One would think the world on the other side of the looking-glass is an exact reflection of our own world. How boring and unimaginative we adults must be to think so! As Alice soon finds out, it's as different from our world as could be.

Once again Lewis Carroll plays with words - he can't help himself. "There is nothing like it" might sound like a figure of speech at first - but then we find out he means it literally: a nice bit of fun for the natives, I daresay, and a good exercise for a foreign reader. Yet, once again, I feel sorry for the translators.
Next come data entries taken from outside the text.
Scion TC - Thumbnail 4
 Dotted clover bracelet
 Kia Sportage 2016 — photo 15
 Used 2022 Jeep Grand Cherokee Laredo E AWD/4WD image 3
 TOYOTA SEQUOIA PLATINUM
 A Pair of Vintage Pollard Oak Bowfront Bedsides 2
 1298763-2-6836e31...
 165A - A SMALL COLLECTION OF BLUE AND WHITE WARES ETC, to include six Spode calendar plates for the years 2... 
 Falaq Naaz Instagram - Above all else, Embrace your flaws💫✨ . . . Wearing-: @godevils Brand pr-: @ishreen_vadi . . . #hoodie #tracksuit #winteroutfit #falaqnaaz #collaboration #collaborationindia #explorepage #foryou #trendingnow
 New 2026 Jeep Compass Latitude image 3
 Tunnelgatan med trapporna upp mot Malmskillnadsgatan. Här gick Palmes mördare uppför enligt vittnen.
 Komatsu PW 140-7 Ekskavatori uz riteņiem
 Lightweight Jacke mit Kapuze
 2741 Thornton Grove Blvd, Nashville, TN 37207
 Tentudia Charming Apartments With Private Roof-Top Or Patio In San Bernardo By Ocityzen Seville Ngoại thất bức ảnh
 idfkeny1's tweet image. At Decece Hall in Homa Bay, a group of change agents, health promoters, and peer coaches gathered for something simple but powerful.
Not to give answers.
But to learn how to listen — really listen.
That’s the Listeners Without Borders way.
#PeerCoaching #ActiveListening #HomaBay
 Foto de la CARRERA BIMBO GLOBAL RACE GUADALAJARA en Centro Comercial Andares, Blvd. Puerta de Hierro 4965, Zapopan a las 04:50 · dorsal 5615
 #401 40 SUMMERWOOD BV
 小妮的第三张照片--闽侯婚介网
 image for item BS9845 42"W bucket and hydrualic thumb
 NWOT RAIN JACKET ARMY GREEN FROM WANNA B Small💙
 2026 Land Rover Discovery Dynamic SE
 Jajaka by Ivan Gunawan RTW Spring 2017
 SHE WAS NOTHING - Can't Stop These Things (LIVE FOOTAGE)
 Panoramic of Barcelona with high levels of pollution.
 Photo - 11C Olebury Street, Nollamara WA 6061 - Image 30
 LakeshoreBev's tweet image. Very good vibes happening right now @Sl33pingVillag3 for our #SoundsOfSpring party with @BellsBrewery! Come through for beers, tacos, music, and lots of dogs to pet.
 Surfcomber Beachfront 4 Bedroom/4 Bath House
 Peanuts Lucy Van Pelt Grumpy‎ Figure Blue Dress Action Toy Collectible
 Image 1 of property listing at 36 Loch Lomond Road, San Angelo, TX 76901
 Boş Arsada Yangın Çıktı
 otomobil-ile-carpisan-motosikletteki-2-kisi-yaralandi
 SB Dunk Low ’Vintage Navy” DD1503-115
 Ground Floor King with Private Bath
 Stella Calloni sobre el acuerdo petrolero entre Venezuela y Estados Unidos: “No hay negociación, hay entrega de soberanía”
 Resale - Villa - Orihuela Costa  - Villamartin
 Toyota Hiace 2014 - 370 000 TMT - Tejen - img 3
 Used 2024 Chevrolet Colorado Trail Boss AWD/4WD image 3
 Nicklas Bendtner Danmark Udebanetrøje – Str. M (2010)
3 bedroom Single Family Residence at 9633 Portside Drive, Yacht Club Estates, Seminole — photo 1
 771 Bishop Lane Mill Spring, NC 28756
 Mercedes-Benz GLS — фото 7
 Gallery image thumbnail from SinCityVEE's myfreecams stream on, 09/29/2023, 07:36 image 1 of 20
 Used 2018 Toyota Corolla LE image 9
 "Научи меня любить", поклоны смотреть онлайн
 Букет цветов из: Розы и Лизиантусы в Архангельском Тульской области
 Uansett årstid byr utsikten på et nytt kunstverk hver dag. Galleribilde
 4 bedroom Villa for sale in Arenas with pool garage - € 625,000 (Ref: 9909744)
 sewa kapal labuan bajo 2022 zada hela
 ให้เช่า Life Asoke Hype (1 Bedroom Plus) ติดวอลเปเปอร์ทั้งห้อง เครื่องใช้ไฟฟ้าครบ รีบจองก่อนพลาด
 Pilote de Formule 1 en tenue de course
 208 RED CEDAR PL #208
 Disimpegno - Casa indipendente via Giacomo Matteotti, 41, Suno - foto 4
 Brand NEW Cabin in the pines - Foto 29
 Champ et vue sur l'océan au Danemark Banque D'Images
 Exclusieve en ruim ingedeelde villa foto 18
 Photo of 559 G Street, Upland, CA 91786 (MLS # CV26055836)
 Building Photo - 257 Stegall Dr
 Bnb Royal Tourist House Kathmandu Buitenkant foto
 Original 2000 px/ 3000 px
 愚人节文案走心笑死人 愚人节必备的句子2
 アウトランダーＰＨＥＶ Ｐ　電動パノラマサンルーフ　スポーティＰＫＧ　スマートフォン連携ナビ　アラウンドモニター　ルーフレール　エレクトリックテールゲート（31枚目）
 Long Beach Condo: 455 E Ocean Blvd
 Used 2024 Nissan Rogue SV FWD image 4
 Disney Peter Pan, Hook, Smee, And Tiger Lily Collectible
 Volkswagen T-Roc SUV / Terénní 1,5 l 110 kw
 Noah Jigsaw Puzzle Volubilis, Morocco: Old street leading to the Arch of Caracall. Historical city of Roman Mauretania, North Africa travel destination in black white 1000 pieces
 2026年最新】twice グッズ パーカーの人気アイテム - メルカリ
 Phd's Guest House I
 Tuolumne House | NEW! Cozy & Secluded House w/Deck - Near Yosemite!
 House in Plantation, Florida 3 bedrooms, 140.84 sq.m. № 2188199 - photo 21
I couldn't say why, but I feel a little sad as I follow Alice through the looking-glass world - something I never felt when reading the "Wonderland" book. There is something melancholy in the air, like saying good-bye to one's childhood, which is weird, because Alice is just seven and a half, and the best part of her childhood is still waiting for her. Is it Lewis Carroll's emotion that makes its way into the imaginary world on the other side of the mirror - or is it just me? I don't know. It's probably coming from the Russian cartoon based on the book, which I used to watch often together with my daughter when she was very little.

It's a beautiful book all the same, and I enjoy every line of it, especially the dialogues. It says a lot about the author's writing skills, I should think, because the dialogues have to be the hardest part of the art of writing. In Lewis Carroll's hands they become as sweet as music and as captivating as unsolved mysteries. Lewis Carroll's books are a great mystery as they are.

Talking flowers, invented words, goods in a store which move away when the customer looks at them, a Knight who can't ride his horse and even the ill-tempered Red Queen - why is it so hard to let them go, as if they were the best friends I'd ever had? Why does a fairy tale meant for children tell so much to someone who has already a child of her own? How do those simple words weave such a strong spell over a reader? And the book isn't even very long...

Do I just miss my own childhood? My conscious mind says no, but there must be a reason for the nostalgic feeling that Lewis Carroll's books awaken in my heart.